Task instructions —
From the records below, output exactly the lines running from the line containing "Capac display Laptop, HP, Pavilion" through the line containing "Rafah image", and no others.

Supplied material —
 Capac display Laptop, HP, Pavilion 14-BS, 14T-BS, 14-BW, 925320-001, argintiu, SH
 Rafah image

==

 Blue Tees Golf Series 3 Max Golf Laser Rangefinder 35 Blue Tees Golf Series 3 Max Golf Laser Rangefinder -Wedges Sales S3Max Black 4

...

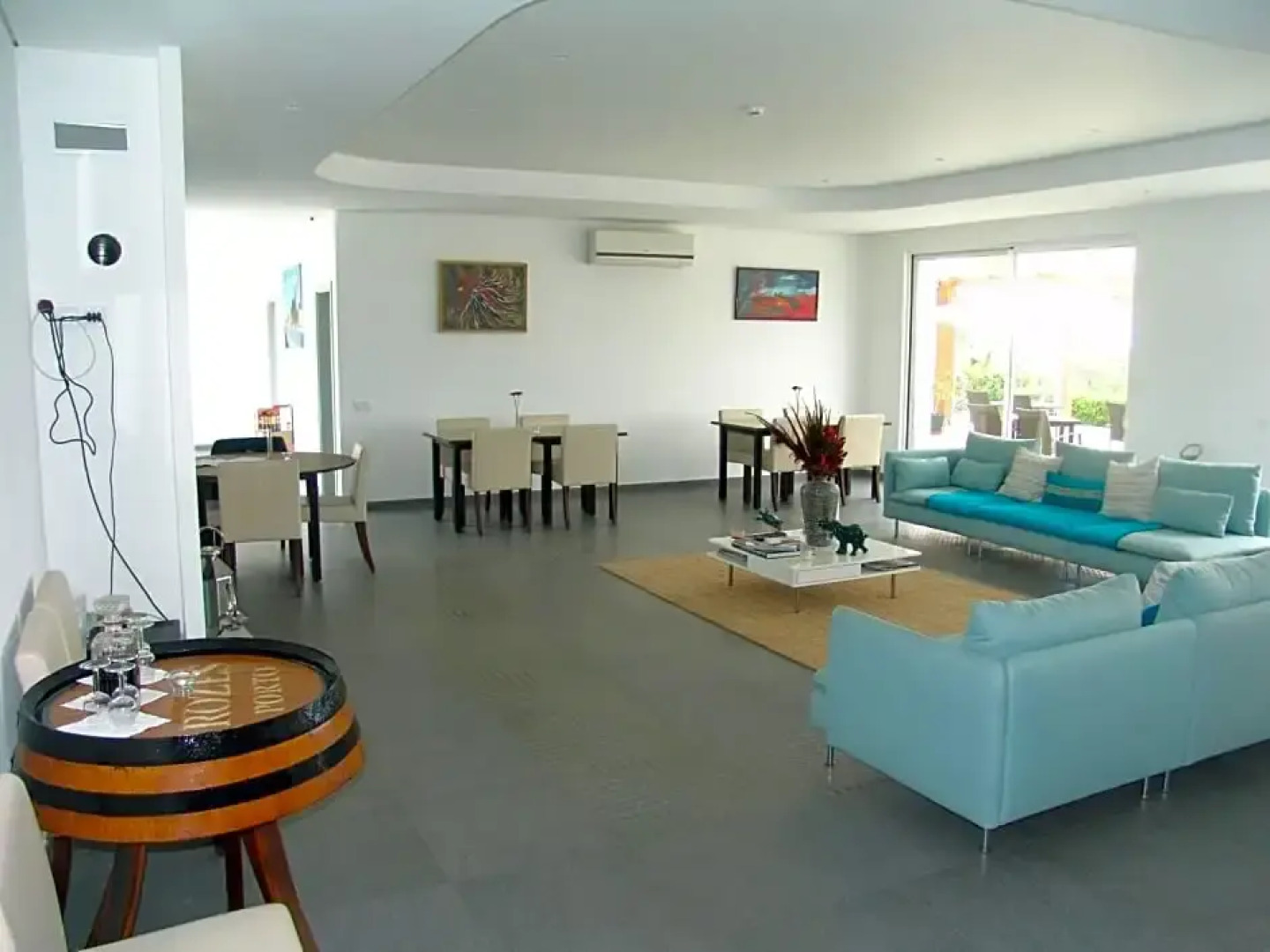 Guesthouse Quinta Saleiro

Problem solution —
 Capac display Laptop, HP, Pavilion 14-BS, 14T-BS, 14-BW, 925320-001, argintiu, SH
 Rafah image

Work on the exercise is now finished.